2. Formation of Contract
(1) DORMA shall send a written purchase order to the Contractor. Transmission via electronic data transmission shall also be considered as valid written form. Oral ancillary agreements to the purchase order shall be binding only if they are confirmed in writing by DORMA. This shall also apply to subsequent amendments and additions.
(2) The purchase order shall be deemed to be accepted if the Contractor does not raise any objection to it within 2 days.
(3) If the Contractor accepts the purchase order only with divergences, then such divergences must be explicitly stated. The amended purchase order shall be considered as a new offer. Moreover, the Contractor must indicate to DORMA in writing in the purchase order any changes vis-à-vis earlier contractual terms or catalog information. A contract shall be formed only after written acceptance of the amended terms by DORMA.
3. Compliance with Statutory Provisions / Notification of Objections
(1) The Contractor must fulfill the technological state-of-the-art, and must comply with prevailing statutes and ordinances as well as duties imposed by official authorities.
(2) Should the relevant statutes, ordinances, or the technological state-of-the-art change between the time that the contract is formed and the time that performance is rendered, and if this impacts on contractual performance, then the Contractor shall inform DORMA immediately in writing regarding the change, as well as the associated consequences in terms of schedules and costs. DORMA shall make a decision on the changes within a reasonable period of time. If the change is approved, the contracting parties shall come to mutual agreement regarding the cost arrangement based upon the purchase order, and shall adapt the contract in writing. If DORMA does not accept the change, then either party shall have the right to terminate the contract.
4. Terms of Delivery
(1) Unless otherwise agreed, deliveries shall be performed DDP (Incoterms 2000) to the location specified by DORMA, including packaging.
(2) Each delivery shall be accompanied by a delivery note in duplicate. The delivery note shall include the purchase order number, product number, and vendor number.
(3) Prior to shipment of the goods, DORMA must be informed in writing regarding their value, weight, and date of shipment.
(4) If the Contractor is required to provide samples of materials, test reports, quality assurance documents, or other documentation, then the submission of these documents shall also be a prerequisite for the completeness of delivery and performance.
(5) DORMA shall not be obligated to accept partial shipments or multiple shipments that have not been contractually stipulated. This shall apply mutatis mutandis if the goods are delivered prior to the stipulated date. If necessary, DORMA shall have the right to return the goods at the Contractor’s expense and risk, or to have them stored by a third party.
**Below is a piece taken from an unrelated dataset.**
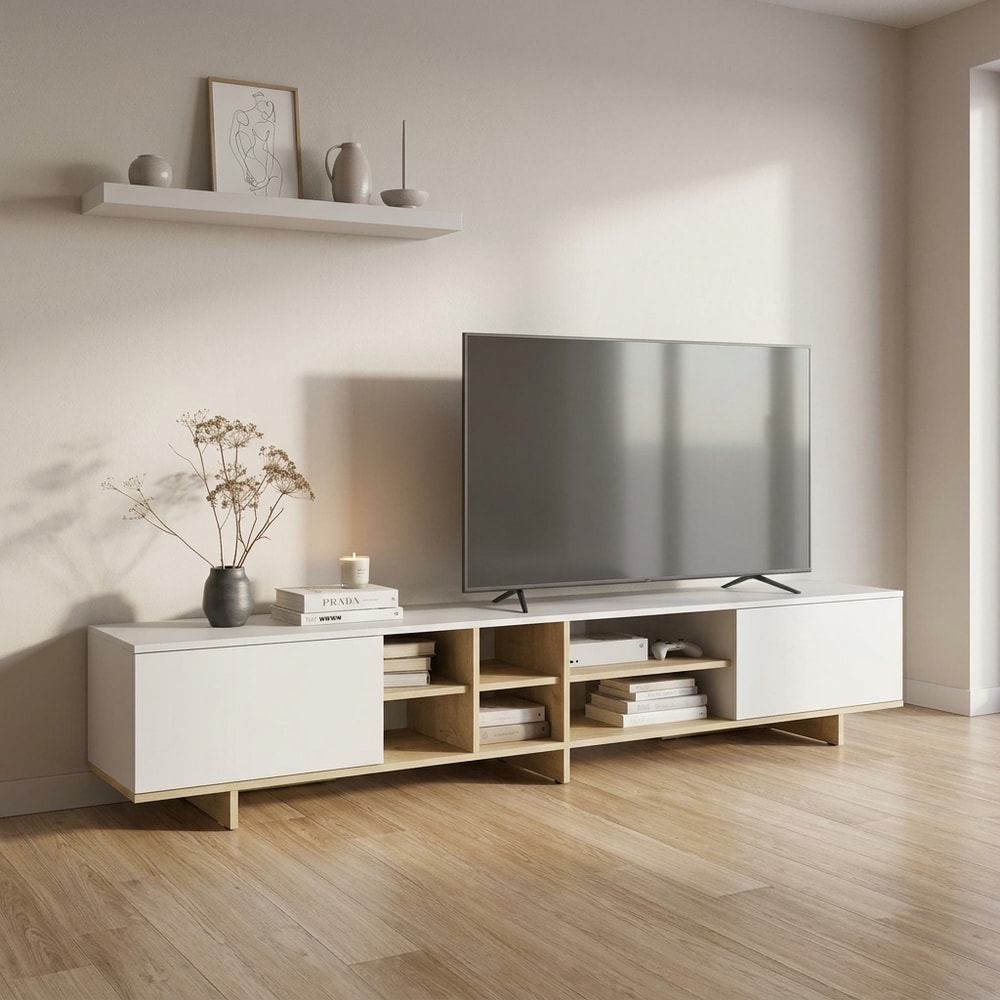 Mueble de TV 2 Puertas Blanco y Roble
(6) Should DORMA incur costs due to the defective delivery of the contractual item, particularly transportation, handling charges, labor, or material costs, or costs for an incoming goods inspection that exceed the normal scope of such an inspection, the Contractor must bear these costs.
5. Time of Performance
(1) The dates specified in the purchase order are binding.
(2) The Contractor must inform DORMA immediately in writing should circumstances occur or become apparent, as a result of which compliance with the stipulated date is not possible. The obligation to comply with the originally stipulated dates shall remain unaffected thereby.
(3) The Contractor may invoke the absence of required documentation to be supplied by DORMA only if the Contractor has not received such documentation within an appropriate period of time, despite a timely written request.
6. Default
(1) In the event that the contractually agreed times are exceeded, the Contractor shall be in default without a reminder being issued.
(2) In the event of default, DORMA shall be entitled to the statutory claims. In particular, DORMA shall have the right to demand compensatory damages instead of performance and/or to withdraw from the contract.
(3) Without prejudice to the right to assert further damages for default, the contractual penalty is agreed as 0.1% of the net order value for each week, or part thereof, that a stipulated date is exceeded, although not exceeding a total of 0.5% of the net order value. The contractual penalty may also be asserted after receipt of the goods/service and until final payment, without the need for reservation. The Contractor shall have the right to submit evidence that no damages, or a lower amount of damages, actually occurred as a result of the default.
7. Transfer of Risk
(1) Risk shall transfer to DORMA upon receipt of the goods at the DORMA business premises.
(2) This shall apply even if DORMA has assumed the shipping costs in an individual case based upon a separate contractual agreement, or if delivery is made “ex works”.
8. Notice of Defect
(1) In the event of a purchase representing a mutual commercial transaction for the parties, notices of defect must be made to the Contractor by DORMA in a timely manner (within 10 business days after receipt of goods), and in the case of hidden defects, within 10 business days after such defects are discovered.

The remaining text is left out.